Description of the task:
In the entries below, find the line containing "Nhai nhạc cũ", then copy it and every later line exactly, ending with the last line.

Stored items
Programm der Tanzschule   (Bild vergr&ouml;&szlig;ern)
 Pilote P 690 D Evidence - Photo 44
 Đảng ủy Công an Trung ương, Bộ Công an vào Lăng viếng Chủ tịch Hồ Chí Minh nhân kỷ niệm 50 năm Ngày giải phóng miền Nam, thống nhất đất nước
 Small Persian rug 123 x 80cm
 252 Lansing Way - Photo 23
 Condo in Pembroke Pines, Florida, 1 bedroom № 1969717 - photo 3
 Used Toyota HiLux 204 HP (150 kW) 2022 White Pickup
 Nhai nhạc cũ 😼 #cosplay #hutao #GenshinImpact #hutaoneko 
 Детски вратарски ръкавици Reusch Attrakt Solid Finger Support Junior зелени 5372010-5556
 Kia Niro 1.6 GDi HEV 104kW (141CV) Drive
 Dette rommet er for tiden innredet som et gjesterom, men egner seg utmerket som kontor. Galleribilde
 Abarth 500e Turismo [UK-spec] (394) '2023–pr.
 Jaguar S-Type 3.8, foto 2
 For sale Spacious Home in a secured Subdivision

Answer box:
 Nhai nhạc cũ 😼 #cosplay #hutao #GenshinImpact #hutaoneko 
 Детски вратарски ръкавици Reusch Attrakt Solid Finger Support Junior зелени 5372010-5556
 Kia Niro 1.6 GDi HEV 104kW (141CV) Drive
 Dette rommet er for tiden innredet som et gjesterom, men egner seg utmerket som kontor. Galleribilde
 Abarth 500e Turismo [UK-spec] (394) '2023–pr.
 Jaguar S-Type 3.8, foto 2
 For sale Spacious Home in a secured Subdivision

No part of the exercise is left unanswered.